Following a late afternoon film screening at Violet Crown Cinema over the weekend, a companion and I found ourselves peckish at the tricky hour of the day where you have to decide whether you’re going to contend with a larger meal now and run the risk of late night snacking, or if you’re going to do the snacking and possibly spoil your appetite. Of course, by the time we’d driven to the Southside and back downtown doing the “I dunno, where do you wanna go?” dance repeatedly, we finally just landed someplace like, “Forget this, let’s just go someplace that’s both open and where we don’t frequent.”
Enter Santa Fe Bar & Grill (187 Paseo de Peralta, (505) 982-3033), that stalwart eatery at the DeVargas Center that has somehow lived on my if-we-can’t-work-out-anything-else list for far too long. Oh, don’t get me wrong—I won’t now nor have I ever said the place is bad, but my memories of it are tied up in quick coffees with my grandmother, a fish taco from a million years ago that, despite my roommate at the time’s insistence, did not change my life; and, of course, sometimes a dessert post-movie when DeVargas still had a cinema which, believe it or not, played artsier films. That’s a long sentence and a long way of coming to my point: Maybe it’s because I’d just seen a film, maybe it’s because I had great guacamole there once, who knows, but Santa Fe Bar & Grill entered my mind, and that’s where we went. Deal with it, America.

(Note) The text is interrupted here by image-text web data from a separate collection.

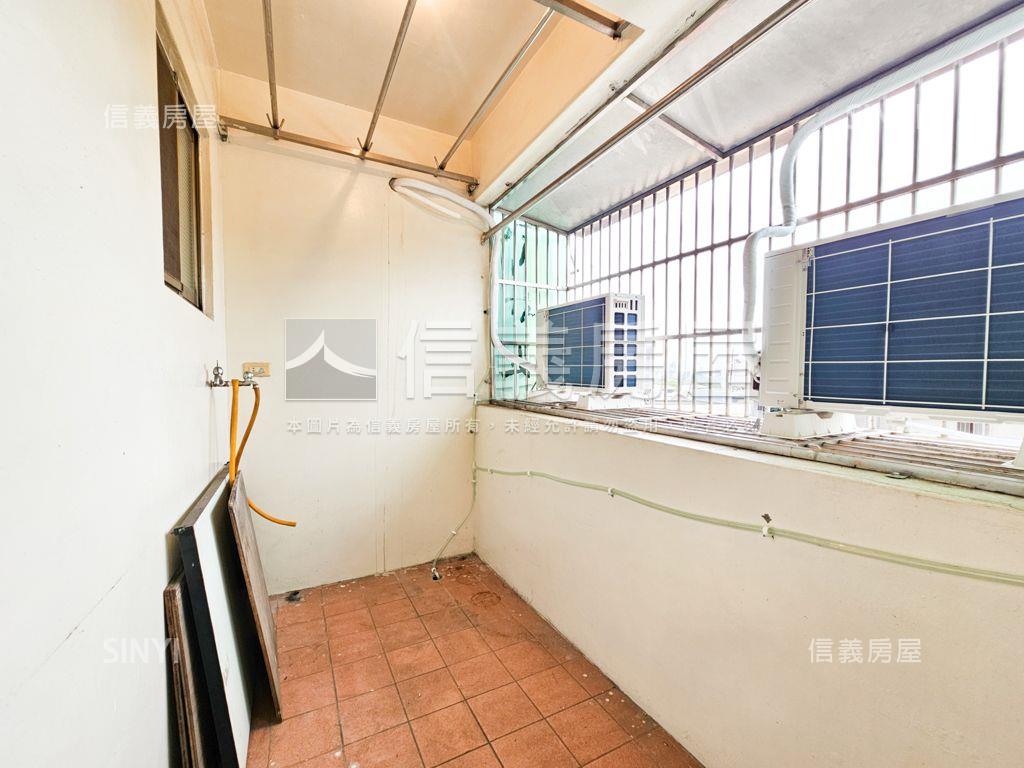 龍岡華廈三房車位房屋室內格局與周邊環境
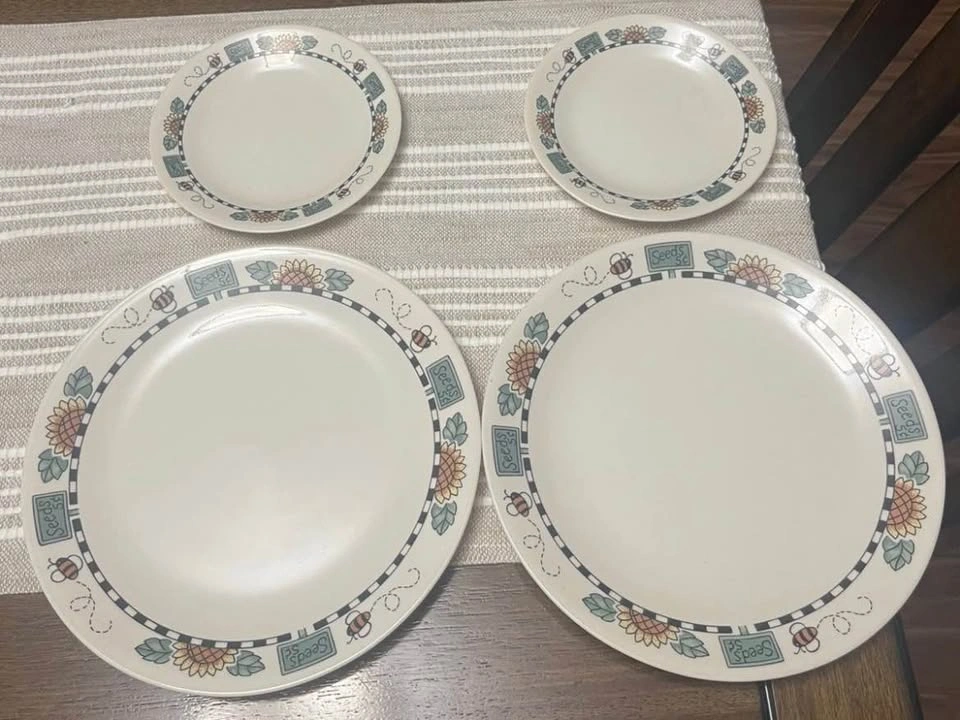 Vintage Corelle "Sunblossoms" 4-Piece Plate Set – Made in USA - photo 5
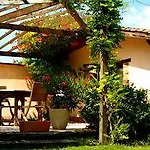 Les Barelles Bed & Breakfast 3*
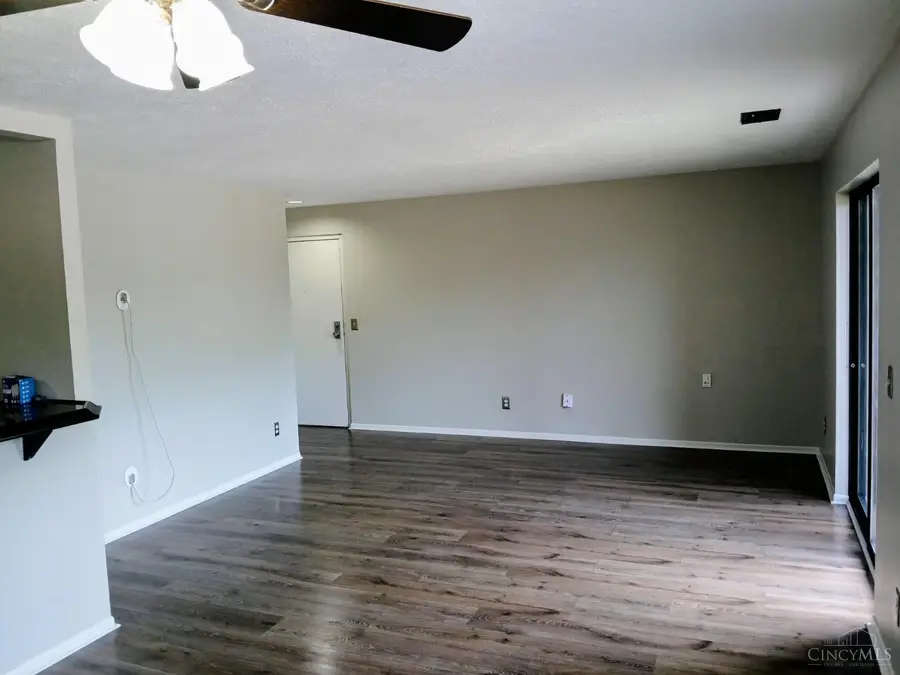 5444 Bluesky Drive #17, Green, OH 45247 - #3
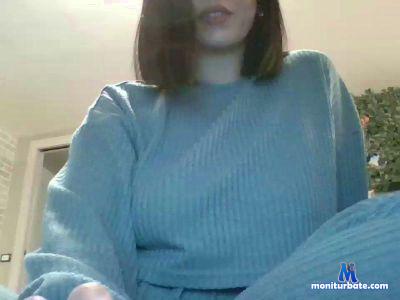 Jennypriolo22 cam4 bisexual performer from Republic of Italy  
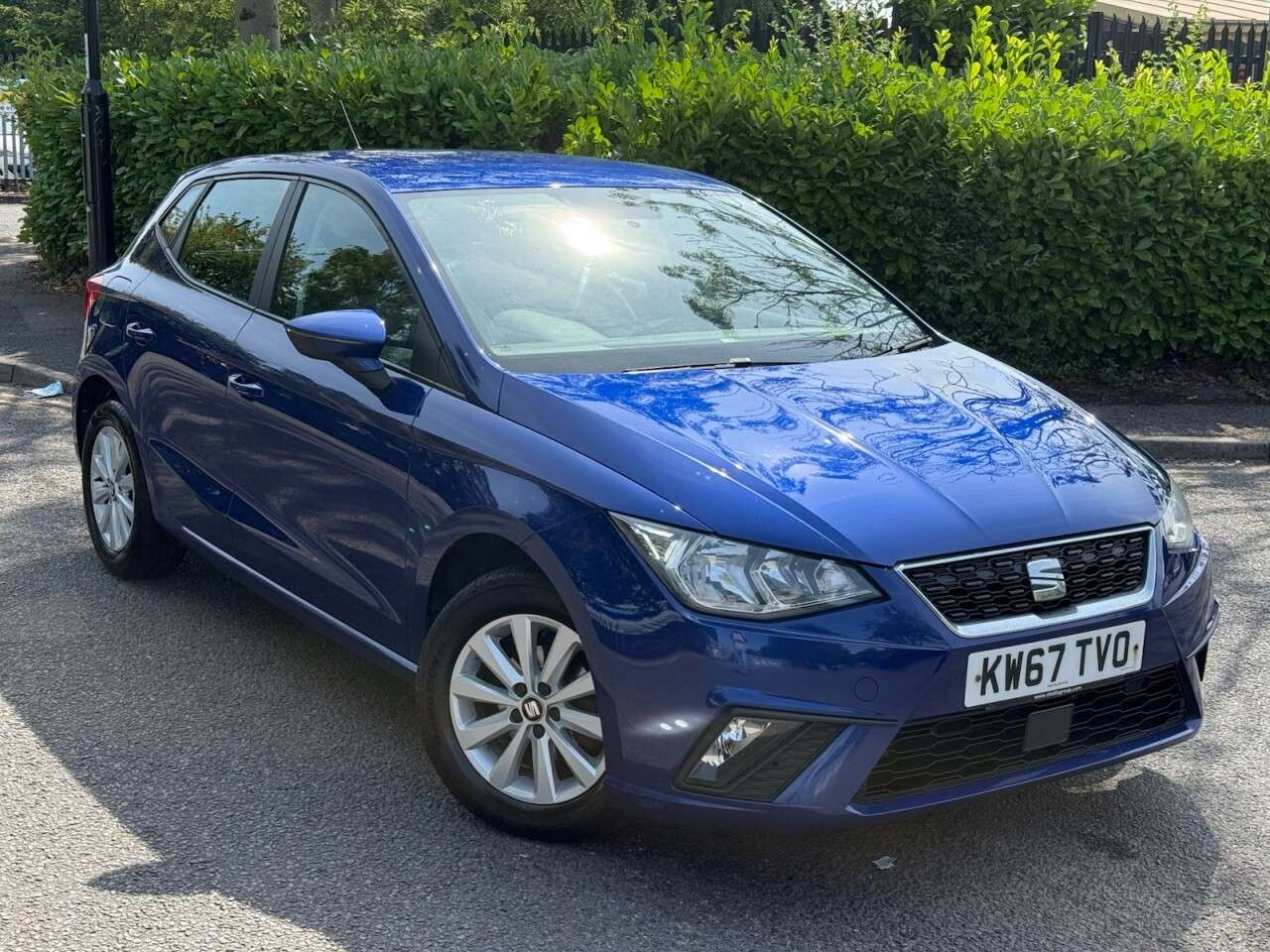 A 2017 SEAT IBIZA 1.0 TSI SE Hatchback 5dr Petrol Manual Euro 6 (s/s) (95 ps) A 2017 SEAT IBIZA 1.0 TSI SE Hatchback 5dr Petrol Manual Euro 6 (s/s) (95 ps)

First off, if you can find yourself at the restaurant at roughly 5 pm, that’s sort of the dream. No, I’m not so old that I generally do my evening meals so early, but being hungry and wanting to discuss the movie, to find a warm spot pre-dinner rush felt novel somehow. The ol’ Bar & Grill has a capital-G GORGEOUS patio, too, though this was in the midst of the days-long (and much-loved by this writer) gloom, so service was relegated to the great indoors, as it likely will be for the duration of winter. No matter, however, as we wound up with one of those brilliant waiters who never hovers but never leaves you wanting. Even better, she answered my slew of rapid-fire questions: “Have you tried the pork chop special? Is it always available? What’s it come with? What would you do?” She never once faltered and should be celebrated.
“Pork chop it is,” I said, “and they’ll have the mahi-mahi fish tacos with the coleslaw and black beans.”
These proved wise orders, as the fish tacos ($13.50) reportedly sang with buttery, flaky goodness. Mahi-mahi is an interesting bit of fish, not so firm as some types of salmon—which can feel tough and rubbery when cooked even slightly too long. In taco form, the mahi-mahi was slightly crisp on the outside, but tender and juicy on the inside. With the corn tortilla from local mainstay Alicia’s Tortilleria, plus some cabbage and tomatillo salsa, my companion reported a tropical-esque win, and something she would order again. Strangely, though, they’ve never sampled lobster and weren’t about to start, and since that means neither they nor I sampled the available lobster tacos, I can’t speak to their quality. Next time, maybe. Next time.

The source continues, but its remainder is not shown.